### Goal of the exercise
Every entry must be transcribed exactly as written.

### Stored items from a collection
-------------------------
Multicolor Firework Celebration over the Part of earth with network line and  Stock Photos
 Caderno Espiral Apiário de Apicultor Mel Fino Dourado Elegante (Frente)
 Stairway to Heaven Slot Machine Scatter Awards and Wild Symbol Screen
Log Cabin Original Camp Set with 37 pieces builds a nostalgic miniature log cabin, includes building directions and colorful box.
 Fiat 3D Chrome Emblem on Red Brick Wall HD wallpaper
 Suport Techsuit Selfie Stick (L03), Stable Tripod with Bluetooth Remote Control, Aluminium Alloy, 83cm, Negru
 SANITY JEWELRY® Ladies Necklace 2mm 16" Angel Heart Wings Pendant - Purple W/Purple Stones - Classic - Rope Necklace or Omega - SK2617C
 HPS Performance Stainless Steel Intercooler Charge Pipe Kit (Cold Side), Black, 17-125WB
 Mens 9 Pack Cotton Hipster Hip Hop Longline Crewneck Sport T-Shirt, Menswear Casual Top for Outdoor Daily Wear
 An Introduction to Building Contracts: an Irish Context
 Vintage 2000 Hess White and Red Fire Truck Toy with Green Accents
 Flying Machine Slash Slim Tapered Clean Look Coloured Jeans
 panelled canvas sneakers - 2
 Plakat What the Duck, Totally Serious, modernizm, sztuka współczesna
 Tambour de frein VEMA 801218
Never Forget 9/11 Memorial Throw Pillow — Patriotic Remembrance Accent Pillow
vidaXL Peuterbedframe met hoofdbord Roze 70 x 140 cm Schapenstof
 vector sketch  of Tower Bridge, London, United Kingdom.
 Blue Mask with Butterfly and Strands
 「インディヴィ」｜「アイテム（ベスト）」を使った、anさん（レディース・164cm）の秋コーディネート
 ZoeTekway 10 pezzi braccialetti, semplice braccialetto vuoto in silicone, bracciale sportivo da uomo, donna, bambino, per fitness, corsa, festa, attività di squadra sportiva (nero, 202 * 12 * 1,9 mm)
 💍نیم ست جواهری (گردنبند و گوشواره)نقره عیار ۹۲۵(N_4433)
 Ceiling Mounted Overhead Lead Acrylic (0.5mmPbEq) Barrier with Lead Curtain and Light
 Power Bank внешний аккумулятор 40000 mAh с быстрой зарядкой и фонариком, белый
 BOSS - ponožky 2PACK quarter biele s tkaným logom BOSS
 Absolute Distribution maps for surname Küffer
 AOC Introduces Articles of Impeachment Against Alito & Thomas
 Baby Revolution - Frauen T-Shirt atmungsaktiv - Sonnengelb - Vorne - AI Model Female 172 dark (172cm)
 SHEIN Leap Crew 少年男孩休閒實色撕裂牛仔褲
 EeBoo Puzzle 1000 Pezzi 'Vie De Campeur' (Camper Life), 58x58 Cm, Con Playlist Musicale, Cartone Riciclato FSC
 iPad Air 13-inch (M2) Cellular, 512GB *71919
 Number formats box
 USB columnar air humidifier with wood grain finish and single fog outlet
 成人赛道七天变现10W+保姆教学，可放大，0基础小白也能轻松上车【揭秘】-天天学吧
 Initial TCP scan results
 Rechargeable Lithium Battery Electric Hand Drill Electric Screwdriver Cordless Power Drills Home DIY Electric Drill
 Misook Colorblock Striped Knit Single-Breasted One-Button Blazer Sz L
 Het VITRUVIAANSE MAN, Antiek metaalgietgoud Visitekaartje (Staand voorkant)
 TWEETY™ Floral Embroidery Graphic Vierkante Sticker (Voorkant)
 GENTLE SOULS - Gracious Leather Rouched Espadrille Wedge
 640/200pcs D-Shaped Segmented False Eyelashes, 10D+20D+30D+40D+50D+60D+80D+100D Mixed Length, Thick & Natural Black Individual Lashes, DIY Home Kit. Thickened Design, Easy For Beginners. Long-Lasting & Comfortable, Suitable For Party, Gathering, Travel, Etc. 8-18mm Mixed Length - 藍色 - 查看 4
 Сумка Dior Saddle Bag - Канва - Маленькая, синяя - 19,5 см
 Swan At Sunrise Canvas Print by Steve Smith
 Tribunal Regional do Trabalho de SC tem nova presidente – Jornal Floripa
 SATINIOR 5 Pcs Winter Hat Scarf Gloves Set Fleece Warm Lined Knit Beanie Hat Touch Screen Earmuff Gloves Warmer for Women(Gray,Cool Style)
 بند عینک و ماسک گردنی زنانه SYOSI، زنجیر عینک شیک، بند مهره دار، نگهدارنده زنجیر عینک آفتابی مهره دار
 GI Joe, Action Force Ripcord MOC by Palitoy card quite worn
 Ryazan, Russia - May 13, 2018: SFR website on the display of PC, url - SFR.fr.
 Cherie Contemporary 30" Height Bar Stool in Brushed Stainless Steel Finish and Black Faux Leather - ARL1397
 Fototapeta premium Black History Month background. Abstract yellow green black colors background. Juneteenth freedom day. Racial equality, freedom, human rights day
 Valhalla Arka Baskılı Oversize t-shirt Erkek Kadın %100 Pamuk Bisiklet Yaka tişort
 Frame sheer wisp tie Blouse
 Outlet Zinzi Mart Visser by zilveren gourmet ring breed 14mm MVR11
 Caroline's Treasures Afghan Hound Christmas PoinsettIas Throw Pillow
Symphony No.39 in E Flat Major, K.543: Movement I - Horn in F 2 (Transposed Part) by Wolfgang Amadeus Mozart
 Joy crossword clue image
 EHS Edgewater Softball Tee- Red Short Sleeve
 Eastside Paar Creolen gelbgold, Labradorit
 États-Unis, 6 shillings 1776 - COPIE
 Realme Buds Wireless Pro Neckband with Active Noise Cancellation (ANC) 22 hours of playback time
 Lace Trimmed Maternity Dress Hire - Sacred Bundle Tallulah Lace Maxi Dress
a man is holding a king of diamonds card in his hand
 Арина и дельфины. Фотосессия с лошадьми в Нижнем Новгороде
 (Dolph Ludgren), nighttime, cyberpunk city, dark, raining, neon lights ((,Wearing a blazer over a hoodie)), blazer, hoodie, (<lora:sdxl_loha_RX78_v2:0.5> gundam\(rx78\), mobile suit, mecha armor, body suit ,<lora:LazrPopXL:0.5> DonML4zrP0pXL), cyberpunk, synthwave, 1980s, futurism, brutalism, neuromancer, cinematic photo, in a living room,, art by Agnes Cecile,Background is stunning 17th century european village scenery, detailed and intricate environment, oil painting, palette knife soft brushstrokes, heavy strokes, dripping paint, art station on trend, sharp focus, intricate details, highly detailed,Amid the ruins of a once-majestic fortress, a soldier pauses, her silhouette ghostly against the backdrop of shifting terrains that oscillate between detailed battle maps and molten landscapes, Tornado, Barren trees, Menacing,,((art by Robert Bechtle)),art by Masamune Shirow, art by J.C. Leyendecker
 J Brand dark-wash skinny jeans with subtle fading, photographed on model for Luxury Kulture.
-------------------------
### Result
Multicolor Firework Celebration over the Part of earth with network line and  Stock Photos
 Caderno Espiral Apiário de Apicultor Mel Fino Dourado Elegante (Frente)
 Stairway to Heaven Slot Machine Scatter Awards and Wild Symbol Screen
Log Cabin Original Camp Set with 37 pieces builds a nostalgic miniature log cabin, includes building directions and colorful box.
 Fiat 3D Chrome Emblem on Red Brick Wall HD wallpaper
 Suport Techsuit Selfie Stick (L03), Stable Tripod with Bluetooth Remote Control, Aluminium Alloy, 83cm, Negru
 SANITY JEWELRY® Ladies Necklace 2mm 16" Angel Heart Wings Pendant - Purple W/Purple Stones - Classic - Rope Necklace or Omega - SK2617C
 HPS Performance Stainless Steel Intercooler Charge Pipe Kit (Cold Side), Black, 17-125WB
 Mens 9 Pack Cotton Hipster Hip Hop Longline Crewneck Sport T-Shirt, Menswear Casual Top for Outdoor Daily Wear
 An Introduction to Building Contracts: an Irish Context
 Vintage 2000 Hess White and Red Fire Truck Toy with Green Accents
 Flying Machine Slash Slim Tapered Clean Look Coloured Jeans
 panelled canvas sneakers - 2
 Plakat What the Duck, Totally Serious, modernizm, sztuka współczesna
 Tambour de frein VEMA 801218
Never Forget 9/11 Memorial Throw Pillow — Patriotic Remembrance Accent Pillow
vidaXL Peuterbedframe met hoofdbord Roze 70 x 140 cm Schapenstof
 vector sketch  of Tower Bridge, London, United Kingdom.
 Blue Mask with Butterfly and Strands
 「インディヴィ」｜「アイテム（ベスト）」を使った、anさん（レディース・164cm）の秋コーディネート
 ZoeTekway 10 pezzi braccialetti, semplice braccialetto vuoto in silicone, bracciale sportivo da uomo, donna, bambino, per fitness, corsa, festa, attività di squadra sportiva (nero, 202 * 12 * 1,9 mm)
 💍نیم ست جواهری (گردنبند و گوشواره)نقره عیار ۹۲۵(N_4433)
 Ceiling Mounted Overhead Lead Acrylic (0.5mmPbEq) Barrier with Lead Curtain and Light
 Power Bank внешний аккумулятор 40000 mAh с быстрой зарядкой и фонариком, белый
 BOSS - ponožky 2PACK quarter biele s tkaným logom BOSS
 Absolute Distribution maps for surname Küffer
 AOC Introduces Articles of Impeachment Against Alito & Thomas
 Baby Revolution - Frauen T-Shirt atmungsaktiv - Sonnengelb - Vorne - AI Model Female 172 dark (172cm)
 SHEIN Leap Crew 少年男孩休閒實色撕裂牛仔褲
 EeBoo Puzzle 1000 Pezzi 'Vie De Campeur' (Camper Life), 58x58 Cm, Con Playlist Musicale, Cartone Riciclato FSC
 iPad Air 13-inch (M2) Cellular, 512GB *71919
 Number formats box
 USB columnar air humidifier with wood grain finish and single fog outlet
 成人赛道七天变现10W+保姆教学，可放大，0基础小白也能轻松上车【揭秘】-天天学吧
 Initial TCP scan results
 Rechargeable Lithium Battery Electric Hand Drill Electric Screwdriver Cordless Power Drills Home DIY Electric Drill
 Misook Colorblock Striped Knit Single-Breasted One-Button Blazer Sz L
 Het VITRUVIAANSE MAN, Antiek metaalgietgoud Visitekaartje (Staand voorkant)
 TWEETY™ Floral Embroidery Graphic Vierkante Sticker (Voorkant)
 GENTLE SOULS - Gracious Leather Rouched Espadrille Wedge
 640/200pcs D-Shaped Segmented False Eyelashes, 10D+20D+30D+40D+50D+60D+80D+100D Mixed Length, Thick & Natural Black Individual Lashes, DIY Home Kit. Thickened Design, Easy For Beginners. Long-Lasting & Comfortable, Suitable For Party, Gathering, Travel, Etc. 8-18mm Mixed Length - 藍色 - 查看 4
 Сумка Dior Saddle Bag - Канва - Маленькая, синяя - 19,5 см
 Swan At Sunrise Canvas Print by Steve Smith
 Tribunal Regional do Trabalho de SC tem nova presidente – Jornal Floripa
 SATINIOR 5 Pcs Winter Hat Scarf Gloves Set Fleece Warm Lined Knit Beanie Hat Touch Screen Earmuff Gloves Warmer for Women(Gray,Cool Style)
 بند عینک و ماسک گردنی زنانه SYOSI، زنجیر عینک شیک، بند مهره دار، نگهدارنده زنجیر عینک آفتابی مهره دار
 GI Joe, Action Force Ripcord MOC by Palitoy card quite worn
 Ryazan, Russia - May 13, 2018: SFR website on the display of PC, url - SFR.fr.
 Cherie Contemporary 30" Height Bar Stool in Brushed Stainless Steel Finish and Black Faux Leather - ARL1397
 Fototapeta premium Black History Month background. Abstract yellow green black colors background. Juneteenth freedom day. Racial equality, freedom, human rights day
 Valhalla Arka Baskılı Oversize t-shirt Erkek Kadın %100 Pamuk Bisiklet Yaka tişort
 Frame sheer wisp tie Blouse
 Outlet Zinzi Mart Visser by zilveren gourmet ring breed 14mm MVR11
 Caroline's Treasures Afghan Hound Christmas PoinsettIas Throw Pillow
Symphony No.39 in E Flat Major, K.543: Movement I - Horn in F 2 (Transposed Part) by Wolfgang Amadeus Mozart
 Joy crossword clue image
 EHS Edgewater Softball Tee- Red Short Sleeve
 Eastside Paar Creolen gelbgold, Labradorit
 États-Unis, 6 shillings 1776 - COPIE
 Realme Buds Wireless Pro Neckband with Active Noise Cancellation (ANC) 22 hours of playback time
 Lace Trimmed Maternity Dress Hire - Sacred Bundle Tallulah Lace Maxi Dress
a man is holding a king of diamonds card in his hand
 Арина и дельфины. Фотосессия с лошадьми в Нижнем Новгороде
 (Dolph Ludgren), nighttime, cyberpunk city, dark, raining, neon lights ((,Wearing a blazer over a hoodie)), blazer, hoodie, (<lora:sdxl_loha_RX78_v2:0.5> gundam\(rx78\), mobile suit, mecha armor, body suit ,<lora:LazrPopXL:0.5> DonML4zrP0pXL), cyberpunk, synthwave, 1980s, futurism, brutalism, neuromancer, cinematic photo, in a living room,, art by Agnes Cecile,Background is stunning 17th century european village scenery, detailed and intricate environment, oil painting, palette knife soft brushstrokes, heavy strokes, dripping paint, art station on trend, sharp focus, intricate details, highly detailed,Amid the ruins of a once-majestic fortress, a soldier pauses, her silhouette ghostly against the backdrop of shifting terrains that oscillate between detailed battle maps and molten landscapes, Tornado, Barren trees, Menacing,,((art by Robert Bechtle)),art by Masamune Shirow, art by J.C. Leyendecker
 J Brand dark-wash skinny jeans with subtle fading, photographed on model for Luxury Kulture.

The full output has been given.